So who gets the money?
Montgomery Executive Isiah Leggett (D) says it belongs to the county, regardless of which company builds the venue. But his immediate predecessor, Douglas M. Duncan, who now works for the university, has a different take.
"I view it as the state keeping its word," Duncan (D) said yesterday in an interview. "Montgomery County has a whole different project now."
Duncan, vice president for administrative affairs, has lined up a powerful ally in his quest to secure the state money. Senate President Thomas V. "Mike" Miller Jr., a Democrat whose district includes part of Prince George's and an enthusiastic booster of U-Md., his alma mater, said the money "is going to be for the Birchmere, and it's going to be located in Prince George's County."
Leggett disagreed.
"The money is not going anywhere," he said yesterday after a news conference to announce a tentative deal with Live Nation to build one of its Fillmore clubs at Colesville Road and Georgia Avenue. "That seems pretty outlandish that someone would make that case."

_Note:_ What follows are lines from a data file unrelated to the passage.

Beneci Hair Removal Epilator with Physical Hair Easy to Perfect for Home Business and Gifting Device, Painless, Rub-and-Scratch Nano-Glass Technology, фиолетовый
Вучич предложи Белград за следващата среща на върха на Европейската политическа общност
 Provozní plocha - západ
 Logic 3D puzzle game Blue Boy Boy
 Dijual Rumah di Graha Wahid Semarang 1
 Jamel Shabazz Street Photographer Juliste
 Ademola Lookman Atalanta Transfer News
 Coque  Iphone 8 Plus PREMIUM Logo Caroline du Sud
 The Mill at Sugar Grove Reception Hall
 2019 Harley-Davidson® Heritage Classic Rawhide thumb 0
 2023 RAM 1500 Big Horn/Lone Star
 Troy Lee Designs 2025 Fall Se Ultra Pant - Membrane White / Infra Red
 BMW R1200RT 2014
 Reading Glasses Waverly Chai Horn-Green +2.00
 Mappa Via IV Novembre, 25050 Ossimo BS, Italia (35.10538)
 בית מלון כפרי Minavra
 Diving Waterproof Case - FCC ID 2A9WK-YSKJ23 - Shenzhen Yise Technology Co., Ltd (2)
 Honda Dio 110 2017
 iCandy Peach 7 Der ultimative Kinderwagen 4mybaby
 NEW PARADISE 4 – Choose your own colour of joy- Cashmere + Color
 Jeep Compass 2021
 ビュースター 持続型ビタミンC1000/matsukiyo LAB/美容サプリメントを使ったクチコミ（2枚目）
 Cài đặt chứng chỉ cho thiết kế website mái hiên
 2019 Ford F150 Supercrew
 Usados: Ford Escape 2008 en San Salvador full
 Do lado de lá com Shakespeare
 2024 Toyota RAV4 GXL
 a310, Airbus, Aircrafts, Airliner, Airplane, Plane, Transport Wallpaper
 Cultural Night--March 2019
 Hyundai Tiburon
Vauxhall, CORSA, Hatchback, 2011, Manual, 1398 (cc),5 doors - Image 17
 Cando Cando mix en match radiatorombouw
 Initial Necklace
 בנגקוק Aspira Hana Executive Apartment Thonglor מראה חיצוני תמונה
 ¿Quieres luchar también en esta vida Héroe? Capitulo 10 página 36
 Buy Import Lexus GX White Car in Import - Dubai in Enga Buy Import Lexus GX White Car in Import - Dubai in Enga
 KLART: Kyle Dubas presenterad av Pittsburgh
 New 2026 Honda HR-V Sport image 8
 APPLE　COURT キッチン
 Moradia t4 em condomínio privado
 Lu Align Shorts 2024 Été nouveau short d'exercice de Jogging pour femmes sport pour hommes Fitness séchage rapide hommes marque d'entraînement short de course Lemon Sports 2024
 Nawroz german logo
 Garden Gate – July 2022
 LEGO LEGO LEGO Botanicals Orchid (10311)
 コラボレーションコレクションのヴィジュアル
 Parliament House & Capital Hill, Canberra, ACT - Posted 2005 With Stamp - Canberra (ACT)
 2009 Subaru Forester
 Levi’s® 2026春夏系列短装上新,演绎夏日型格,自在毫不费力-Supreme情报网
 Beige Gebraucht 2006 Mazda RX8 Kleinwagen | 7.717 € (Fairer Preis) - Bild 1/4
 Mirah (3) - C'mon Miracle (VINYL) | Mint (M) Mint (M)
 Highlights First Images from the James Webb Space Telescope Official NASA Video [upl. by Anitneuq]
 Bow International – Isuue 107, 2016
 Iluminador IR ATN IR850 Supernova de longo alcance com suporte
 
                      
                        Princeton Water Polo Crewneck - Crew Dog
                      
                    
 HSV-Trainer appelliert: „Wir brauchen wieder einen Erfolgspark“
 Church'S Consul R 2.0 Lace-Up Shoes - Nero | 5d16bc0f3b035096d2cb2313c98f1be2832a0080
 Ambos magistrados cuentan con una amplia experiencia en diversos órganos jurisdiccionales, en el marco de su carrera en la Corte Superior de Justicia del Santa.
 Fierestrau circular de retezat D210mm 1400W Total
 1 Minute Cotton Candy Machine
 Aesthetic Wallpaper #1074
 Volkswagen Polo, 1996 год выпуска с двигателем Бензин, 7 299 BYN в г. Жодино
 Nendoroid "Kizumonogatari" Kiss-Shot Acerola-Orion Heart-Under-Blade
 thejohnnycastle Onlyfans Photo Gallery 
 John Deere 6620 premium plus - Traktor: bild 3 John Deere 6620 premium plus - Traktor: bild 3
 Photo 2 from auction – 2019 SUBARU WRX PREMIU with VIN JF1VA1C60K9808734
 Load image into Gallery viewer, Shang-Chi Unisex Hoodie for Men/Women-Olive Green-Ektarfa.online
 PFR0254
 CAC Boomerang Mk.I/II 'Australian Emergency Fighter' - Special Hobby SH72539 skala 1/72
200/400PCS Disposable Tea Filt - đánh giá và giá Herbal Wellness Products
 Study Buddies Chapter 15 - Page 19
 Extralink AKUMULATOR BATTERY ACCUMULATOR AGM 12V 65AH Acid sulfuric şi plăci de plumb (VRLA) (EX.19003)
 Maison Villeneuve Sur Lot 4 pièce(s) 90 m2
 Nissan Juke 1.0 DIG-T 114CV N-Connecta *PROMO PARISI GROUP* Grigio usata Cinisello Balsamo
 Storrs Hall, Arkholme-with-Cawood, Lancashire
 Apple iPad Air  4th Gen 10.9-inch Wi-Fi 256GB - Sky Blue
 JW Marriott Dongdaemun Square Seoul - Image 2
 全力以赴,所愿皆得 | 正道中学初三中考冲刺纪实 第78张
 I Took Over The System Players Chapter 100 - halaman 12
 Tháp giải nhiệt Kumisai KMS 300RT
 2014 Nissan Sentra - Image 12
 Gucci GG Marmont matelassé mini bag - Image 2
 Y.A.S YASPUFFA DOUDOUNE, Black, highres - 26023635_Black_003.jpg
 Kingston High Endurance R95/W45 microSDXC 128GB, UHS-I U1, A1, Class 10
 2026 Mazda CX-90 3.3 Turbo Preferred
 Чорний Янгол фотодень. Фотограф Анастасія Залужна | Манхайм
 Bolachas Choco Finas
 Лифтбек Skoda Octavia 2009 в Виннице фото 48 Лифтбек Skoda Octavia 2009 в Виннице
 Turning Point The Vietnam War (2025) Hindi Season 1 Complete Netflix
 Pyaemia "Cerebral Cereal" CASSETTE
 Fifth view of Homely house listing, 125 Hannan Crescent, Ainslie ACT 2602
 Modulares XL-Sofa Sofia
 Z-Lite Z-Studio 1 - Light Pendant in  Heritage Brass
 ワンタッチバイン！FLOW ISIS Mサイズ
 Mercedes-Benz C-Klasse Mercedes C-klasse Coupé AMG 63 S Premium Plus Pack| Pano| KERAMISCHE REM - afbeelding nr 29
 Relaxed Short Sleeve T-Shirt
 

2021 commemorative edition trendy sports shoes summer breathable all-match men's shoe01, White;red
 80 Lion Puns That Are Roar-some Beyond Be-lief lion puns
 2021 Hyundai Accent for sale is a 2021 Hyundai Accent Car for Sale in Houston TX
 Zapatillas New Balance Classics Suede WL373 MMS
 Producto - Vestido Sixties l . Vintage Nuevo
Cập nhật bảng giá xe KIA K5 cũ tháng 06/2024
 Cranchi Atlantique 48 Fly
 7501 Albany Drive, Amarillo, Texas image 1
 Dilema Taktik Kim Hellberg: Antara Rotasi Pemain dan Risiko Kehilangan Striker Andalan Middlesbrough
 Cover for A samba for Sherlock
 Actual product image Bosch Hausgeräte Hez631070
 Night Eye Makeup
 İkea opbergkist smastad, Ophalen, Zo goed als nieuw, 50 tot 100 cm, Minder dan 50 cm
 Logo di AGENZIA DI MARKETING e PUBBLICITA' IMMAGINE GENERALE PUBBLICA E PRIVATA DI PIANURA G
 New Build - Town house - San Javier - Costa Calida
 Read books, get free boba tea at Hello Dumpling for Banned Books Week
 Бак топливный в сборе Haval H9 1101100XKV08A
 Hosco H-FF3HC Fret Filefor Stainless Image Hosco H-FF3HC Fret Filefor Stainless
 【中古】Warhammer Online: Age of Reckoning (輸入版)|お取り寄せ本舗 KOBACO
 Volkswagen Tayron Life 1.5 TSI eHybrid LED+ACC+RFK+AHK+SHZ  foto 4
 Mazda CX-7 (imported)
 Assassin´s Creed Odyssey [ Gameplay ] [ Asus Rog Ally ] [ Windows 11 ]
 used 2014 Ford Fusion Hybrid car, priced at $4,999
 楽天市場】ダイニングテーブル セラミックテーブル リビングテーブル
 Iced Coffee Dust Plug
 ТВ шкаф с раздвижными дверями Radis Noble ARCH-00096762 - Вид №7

The difference in interpretation sets up a showdown in Annapolis between Montgomery and Prince George's counties. It also puts Duncan in the awkward position of challenging the county he led for 12 years and the funding of a project that is part of his legacy.
The dispute centers on the wording of a line in the state budget. But at the heart of the controversy is fallout from the failed attempt to open a Birchmere in Silver Spring. Duncan spent five years courting the owners of the Alexandria-based music hall. He announced a tentative agreement last year with great fanfare, but it collapsed under Leggett's administration in late July.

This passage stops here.